Exercise material:
--------------------------------------------------
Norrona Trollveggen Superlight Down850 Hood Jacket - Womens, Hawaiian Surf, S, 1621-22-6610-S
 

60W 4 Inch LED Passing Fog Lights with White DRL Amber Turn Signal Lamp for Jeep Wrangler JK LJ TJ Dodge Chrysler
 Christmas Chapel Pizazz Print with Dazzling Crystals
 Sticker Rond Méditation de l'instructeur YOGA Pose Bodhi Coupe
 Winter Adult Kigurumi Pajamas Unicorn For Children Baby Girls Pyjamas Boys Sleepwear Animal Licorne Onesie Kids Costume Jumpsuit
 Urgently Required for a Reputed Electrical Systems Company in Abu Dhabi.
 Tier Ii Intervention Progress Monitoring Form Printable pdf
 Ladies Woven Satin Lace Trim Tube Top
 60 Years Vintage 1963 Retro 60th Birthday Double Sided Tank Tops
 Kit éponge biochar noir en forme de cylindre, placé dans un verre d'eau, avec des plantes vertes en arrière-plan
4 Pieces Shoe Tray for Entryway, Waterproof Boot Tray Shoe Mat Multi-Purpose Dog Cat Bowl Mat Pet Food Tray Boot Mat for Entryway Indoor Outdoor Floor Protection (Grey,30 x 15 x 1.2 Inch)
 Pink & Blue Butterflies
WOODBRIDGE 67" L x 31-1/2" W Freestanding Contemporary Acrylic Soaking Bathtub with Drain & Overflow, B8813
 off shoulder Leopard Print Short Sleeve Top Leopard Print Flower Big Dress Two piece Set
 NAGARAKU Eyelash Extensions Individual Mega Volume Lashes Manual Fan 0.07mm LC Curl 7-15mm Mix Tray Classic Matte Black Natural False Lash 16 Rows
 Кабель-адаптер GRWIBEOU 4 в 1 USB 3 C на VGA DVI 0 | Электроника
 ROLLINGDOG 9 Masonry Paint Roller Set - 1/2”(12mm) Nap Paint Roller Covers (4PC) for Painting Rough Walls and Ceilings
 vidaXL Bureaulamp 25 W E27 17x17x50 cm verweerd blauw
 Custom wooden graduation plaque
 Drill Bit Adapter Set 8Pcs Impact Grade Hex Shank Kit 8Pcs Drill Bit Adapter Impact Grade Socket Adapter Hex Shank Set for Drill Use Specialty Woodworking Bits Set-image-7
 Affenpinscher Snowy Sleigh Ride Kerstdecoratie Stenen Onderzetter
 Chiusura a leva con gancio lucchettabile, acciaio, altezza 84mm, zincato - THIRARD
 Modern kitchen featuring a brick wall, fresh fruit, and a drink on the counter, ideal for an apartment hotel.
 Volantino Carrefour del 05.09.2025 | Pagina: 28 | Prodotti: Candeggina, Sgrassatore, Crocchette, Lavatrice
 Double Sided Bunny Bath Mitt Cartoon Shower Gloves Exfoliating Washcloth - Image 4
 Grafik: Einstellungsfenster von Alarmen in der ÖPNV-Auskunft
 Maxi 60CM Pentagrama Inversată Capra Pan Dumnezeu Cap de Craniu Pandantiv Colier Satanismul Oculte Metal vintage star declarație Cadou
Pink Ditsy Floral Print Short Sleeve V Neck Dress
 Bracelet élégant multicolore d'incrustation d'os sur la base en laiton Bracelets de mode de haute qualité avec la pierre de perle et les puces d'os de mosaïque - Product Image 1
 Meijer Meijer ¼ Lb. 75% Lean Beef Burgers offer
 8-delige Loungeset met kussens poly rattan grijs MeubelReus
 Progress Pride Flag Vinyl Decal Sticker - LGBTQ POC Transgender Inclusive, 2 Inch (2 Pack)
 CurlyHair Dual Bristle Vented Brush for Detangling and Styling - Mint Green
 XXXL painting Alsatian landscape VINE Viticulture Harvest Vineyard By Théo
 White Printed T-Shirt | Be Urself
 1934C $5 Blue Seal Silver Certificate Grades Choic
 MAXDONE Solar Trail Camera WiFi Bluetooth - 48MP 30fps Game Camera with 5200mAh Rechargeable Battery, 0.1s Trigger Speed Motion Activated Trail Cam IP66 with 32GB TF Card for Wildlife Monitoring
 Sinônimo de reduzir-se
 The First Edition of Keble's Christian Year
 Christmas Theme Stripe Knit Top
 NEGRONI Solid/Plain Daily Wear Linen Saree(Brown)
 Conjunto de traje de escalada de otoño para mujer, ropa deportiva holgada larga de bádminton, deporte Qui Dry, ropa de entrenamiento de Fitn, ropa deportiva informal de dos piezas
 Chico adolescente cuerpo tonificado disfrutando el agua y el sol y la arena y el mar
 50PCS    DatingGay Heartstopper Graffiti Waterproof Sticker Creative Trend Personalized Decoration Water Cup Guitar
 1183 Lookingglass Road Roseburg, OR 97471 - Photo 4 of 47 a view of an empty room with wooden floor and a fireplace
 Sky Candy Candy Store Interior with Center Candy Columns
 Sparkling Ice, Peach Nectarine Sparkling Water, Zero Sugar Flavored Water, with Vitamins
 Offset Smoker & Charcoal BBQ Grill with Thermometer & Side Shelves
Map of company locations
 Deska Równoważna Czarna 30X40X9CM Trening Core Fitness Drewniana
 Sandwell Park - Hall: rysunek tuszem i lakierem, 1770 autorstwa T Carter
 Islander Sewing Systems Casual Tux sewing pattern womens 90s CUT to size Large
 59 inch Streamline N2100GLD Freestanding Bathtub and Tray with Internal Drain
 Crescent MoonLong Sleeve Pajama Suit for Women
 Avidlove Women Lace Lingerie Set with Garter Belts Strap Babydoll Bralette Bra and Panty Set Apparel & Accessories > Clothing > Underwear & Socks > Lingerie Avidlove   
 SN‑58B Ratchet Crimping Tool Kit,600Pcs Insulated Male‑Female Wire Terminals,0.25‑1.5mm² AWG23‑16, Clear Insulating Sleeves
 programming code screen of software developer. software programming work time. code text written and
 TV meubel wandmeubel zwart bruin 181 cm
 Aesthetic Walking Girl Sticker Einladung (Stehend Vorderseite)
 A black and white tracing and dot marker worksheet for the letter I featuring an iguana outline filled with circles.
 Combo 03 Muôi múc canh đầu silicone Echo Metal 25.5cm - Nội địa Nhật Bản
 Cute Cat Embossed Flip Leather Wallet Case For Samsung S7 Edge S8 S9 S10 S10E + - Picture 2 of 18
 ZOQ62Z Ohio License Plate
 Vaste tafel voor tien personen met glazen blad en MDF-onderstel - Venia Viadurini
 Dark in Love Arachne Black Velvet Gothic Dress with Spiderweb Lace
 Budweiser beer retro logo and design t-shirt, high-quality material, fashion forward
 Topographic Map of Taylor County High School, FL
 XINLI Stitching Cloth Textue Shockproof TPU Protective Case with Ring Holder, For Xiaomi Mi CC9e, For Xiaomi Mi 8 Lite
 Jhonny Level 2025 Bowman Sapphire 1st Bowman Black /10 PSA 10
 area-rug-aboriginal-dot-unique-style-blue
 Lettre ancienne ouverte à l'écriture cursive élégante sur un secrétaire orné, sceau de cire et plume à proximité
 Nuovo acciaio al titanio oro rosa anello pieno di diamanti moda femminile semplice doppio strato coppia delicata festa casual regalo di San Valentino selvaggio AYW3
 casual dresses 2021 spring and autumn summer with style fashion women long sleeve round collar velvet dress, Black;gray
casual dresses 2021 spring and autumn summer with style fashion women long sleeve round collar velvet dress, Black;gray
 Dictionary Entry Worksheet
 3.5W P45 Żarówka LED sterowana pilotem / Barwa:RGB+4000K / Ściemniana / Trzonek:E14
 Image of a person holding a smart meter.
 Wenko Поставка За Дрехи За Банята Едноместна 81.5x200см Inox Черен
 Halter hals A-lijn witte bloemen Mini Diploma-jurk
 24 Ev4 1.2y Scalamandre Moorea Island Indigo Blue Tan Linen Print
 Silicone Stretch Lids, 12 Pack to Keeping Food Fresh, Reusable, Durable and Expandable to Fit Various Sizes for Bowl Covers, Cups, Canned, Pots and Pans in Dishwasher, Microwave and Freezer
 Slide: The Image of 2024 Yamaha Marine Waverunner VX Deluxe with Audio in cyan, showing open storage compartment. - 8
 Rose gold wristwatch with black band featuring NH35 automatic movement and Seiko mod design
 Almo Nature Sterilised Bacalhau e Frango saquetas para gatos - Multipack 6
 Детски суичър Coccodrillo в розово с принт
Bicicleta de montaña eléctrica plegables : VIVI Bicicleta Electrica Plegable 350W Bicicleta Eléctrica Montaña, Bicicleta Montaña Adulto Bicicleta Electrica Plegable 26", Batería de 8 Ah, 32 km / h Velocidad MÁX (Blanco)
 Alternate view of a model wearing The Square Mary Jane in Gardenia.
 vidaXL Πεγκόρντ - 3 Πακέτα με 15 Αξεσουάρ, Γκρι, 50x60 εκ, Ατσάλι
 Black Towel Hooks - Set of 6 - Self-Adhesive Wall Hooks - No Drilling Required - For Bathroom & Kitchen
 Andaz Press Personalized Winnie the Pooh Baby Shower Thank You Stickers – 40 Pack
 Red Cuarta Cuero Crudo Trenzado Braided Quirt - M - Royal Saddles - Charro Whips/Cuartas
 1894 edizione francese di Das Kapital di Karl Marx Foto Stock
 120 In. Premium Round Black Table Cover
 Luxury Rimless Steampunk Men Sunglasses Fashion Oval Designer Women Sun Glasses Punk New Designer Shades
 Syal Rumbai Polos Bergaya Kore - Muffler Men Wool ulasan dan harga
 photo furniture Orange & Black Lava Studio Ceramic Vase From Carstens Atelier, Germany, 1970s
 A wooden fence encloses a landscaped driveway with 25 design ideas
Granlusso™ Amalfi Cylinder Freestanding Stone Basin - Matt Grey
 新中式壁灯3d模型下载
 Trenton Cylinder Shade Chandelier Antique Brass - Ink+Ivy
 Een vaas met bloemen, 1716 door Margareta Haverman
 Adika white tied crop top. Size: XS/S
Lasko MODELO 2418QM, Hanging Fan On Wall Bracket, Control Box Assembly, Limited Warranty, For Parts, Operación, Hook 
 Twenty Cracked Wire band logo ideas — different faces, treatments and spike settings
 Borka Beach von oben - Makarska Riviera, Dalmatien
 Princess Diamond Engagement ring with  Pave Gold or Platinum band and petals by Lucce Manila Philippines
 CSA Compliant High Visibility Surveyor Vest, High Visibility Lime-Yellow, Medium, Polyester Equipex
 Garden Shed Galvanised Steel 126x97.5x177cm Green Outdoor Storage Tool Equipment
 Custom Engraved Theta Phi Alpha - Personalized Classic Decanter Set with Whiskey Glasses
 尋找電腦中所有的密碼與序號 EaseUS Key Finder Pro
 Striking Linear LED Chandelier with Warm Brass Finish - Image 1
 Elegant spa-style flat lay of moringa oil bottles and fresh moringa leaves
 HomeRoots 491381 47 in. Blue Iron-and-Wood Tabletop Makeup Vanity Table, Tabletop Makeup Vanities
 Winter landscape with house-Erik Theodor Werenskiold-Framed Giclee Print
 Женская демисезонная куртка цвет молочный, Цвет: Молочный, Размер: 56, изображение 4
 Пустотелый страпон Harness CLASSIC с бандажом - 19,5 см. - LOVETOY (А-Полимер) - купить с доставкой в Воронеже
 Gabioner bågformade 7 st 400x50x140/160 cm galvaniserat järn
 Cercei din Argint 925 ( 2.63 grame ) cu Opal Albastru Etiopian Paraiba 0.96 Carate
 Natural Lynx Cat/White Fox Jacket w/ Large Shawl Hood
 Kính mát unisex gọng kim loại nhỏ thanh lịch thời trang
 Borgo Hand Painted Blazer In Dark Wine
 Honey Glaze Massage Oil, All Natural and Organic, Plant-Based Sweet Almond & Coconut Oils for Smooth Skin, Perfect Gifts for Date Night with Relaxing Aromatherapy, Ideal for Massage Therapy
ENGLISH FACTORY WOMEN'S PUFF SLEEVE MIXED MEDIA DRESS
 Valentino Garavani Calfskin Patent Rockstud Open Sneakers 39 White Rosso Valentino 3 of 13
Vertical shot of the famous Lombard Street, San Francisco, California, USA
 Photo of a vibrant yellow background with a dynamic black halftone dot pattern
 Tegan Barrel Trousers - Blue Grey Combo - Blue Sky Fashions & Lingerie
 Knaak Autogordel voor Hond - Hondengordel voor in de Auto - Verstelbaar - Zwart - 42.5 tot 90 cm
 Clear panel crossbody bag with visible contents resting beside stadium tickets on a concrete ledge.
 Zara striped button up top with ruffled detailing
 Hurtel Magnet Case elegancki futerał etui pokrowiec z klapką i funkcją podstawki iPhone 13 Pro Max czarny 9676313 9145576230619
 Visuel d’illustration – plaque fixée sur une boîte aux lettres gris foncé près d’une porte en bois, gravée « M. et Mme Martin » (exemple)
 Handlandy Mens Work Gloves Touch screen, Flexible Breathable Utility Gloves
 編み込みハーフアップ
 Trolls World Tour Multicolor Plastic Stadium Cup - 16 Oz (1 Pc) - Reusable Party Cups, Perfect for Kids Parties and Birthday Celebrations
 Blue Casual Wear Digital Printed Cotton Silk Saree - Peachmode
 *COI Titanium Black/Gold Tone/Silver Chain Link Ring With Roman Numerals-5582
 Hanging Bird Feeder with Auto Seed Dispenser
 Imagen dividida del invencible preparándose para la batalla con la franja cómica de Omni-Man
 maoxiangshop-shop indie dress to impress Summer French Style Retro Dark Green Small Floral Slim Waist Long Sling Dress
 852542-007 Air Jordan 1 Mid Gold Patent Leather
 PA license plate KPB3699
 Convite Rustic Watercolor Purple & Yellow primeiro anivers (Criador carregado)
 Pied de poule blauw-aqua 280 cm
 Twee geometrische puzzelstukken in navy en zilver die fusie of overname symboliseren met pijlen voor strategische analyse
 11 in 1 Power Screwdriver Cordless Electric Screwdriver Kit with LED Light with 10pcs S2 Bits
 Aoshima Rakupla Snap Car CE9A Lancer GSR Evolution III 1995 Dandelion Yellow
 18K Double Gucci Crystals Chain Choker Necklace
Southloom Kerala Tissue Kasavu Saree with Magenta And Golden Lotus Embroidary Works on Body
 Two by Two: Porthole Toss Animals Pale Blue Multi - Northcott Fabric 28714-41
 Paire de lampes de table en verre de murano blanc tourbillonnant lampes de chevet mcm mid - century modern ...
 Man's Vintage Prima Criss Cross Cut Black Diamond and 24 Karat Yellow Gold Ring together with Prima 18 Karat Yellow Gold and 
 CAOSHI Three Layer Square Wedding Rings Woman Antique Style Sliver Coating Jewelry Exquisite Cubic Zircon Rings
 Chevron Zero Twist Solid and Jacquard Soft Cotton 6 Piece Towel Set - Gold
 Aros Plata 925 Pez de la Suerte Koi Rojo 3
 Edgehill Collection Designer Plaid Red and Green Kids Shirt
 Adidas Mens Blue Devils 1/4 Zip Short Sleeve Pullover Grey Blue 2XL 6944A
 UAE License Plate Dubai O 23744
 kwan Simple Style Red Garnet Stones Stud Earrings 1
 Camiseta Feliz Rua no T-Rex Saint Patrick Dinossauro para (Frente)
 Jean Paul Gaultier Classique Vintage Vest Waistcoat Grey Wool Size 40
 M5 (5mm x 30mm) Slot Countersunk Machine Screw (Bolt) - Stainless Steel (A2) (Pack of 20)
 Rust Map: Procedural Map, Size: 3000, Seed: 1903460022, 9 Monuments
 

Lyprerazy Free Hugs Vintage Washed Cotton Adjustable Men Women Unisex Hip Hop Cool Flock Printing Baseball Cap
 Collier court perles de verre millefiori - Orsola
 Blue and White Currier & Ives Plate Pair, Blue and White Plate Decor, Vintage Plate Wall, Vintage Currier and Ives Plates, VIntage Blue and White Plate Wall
--------------------------------------------------
What you will do:
Extract exactly and only the lines above from the line containing "Crescent MoonLong Sleeve" through the line containing "Avidlove Women Lace", both end lines included.

Written answer:
 Crescent MoonLong Sleeve Pajama Suit for Women
 Avidlove Women Lace Lingerie Set with Garter Belts Strap Babydoll Bralette Bra and Panty Set Apparel & Accessories > Clothing > Underwear & Socks > Lingerie Avidlove   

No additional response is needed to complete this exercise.